--- Provided records ---

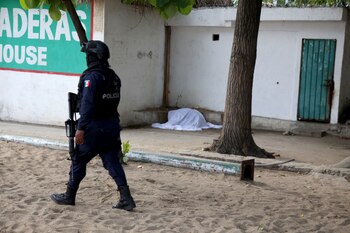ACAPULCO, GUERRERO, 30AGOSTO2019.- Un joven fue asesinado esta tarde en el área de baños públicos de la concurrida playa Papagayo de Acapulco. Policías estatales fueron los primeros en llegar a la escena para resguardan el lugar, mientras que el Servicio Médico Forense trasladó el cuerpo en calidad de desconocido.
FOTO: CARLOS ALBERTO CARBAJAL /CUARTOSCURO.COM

---
--- Provided records ---

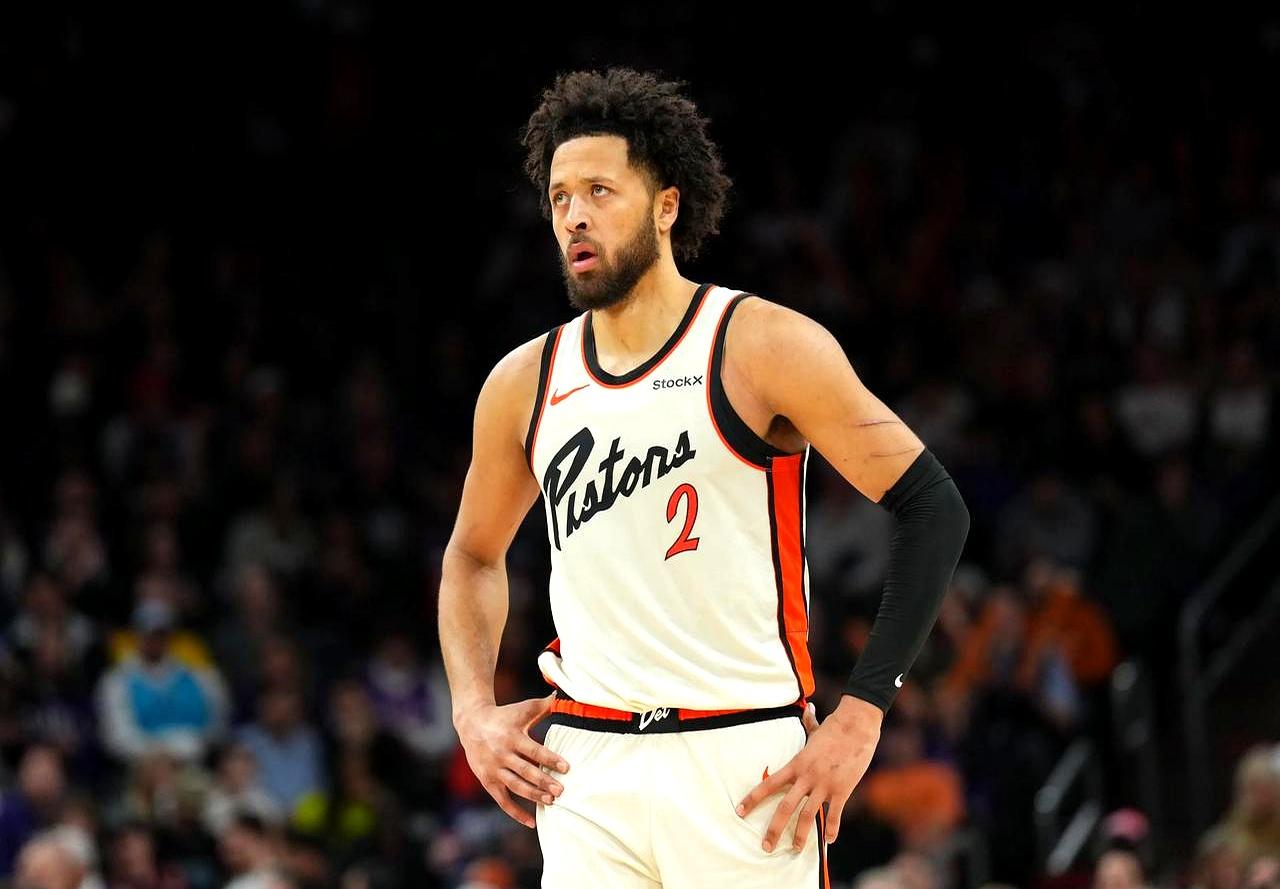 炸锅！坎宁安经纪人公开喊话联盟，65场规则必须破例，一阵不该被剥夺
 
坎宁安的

---

# [Required work]
In the listing above, find the line containing "ACAPULCO, GUERRERO, 30AGOSTO2019.- Un". Output it and every line after it up to and including the line containing "FOTO: CARLOS ALBERTO", exactly, but skip the pictures.

# [Solution to this problem]
ACAPULCO, GUERRERO, 30AGOSTO2019.- Un joven fue asesinado esta tarde en el área de baños públicos de la concurrida playa Papagayo de Acapulco. Policías estatales fueron los primeros en llegar a la escena para resguardan el lugar, mientras que el Servicio Médico Forense trasladó el cuerpo en calidad de desconocido.
FOTO: CARLOS ALBERTO CARBAJAL /CUARTOSCURO.COM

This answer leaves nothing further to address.